> **TASK TO COMPLETE**
Give back exactly the lines that run from the beginning of the entries to the line containing "Димер 500 Вт", both included, and nothing else.

[Records from a collection]

◆ ◆ ◆

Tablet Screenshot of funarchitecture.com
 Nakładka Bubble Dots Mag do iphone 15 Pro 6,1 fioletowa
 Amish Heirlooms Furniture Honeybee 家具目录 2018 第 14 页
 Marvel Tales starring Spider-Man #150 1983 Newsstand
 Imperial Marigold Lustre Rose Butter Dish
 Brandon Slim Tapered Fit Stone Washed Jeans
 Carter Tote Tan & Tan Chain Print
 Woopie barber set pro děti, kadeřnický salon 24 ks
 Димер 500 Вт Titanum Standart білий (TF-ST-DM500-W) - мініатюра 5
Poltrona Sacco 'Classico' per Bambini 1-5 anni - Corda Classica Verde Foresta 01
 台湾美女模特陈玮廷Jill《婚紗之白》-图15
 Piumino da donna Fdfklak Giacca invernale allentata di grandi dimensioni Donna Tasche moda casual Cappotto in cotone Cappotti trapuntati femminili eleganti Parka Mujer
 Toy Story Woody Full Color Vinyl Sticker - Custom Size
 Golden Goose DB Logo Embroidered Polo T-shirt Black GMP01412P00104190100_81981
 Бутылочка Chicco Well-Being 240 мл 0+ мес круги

◆ ◆ ◆

> **RESULT FOR THIS EXERCISE**
Tablet Screenshot of funarchitecture.com
 Nakładka Bubble Dots Mag do iphone 15 Pro 6,1 fioletowa
 Amish Heirlooms Furniture Honeybee 家具目录 2018 第 14 页
 Marvel Tales starring Spider-Man #150 1983 Newsstand
 Imperial Marigold Lustre Rose Butter Dish
 Brandon Slim Tapered Fit Stone Washed Jeans
 Carter Tote Tan & Tan Chain Print
 Woopie barber set pro děti, kadeřnický salon 24 ks
 Димер 500 Вт Titanum Standart білий (TF-ST-DM500-W) - мініатюра 5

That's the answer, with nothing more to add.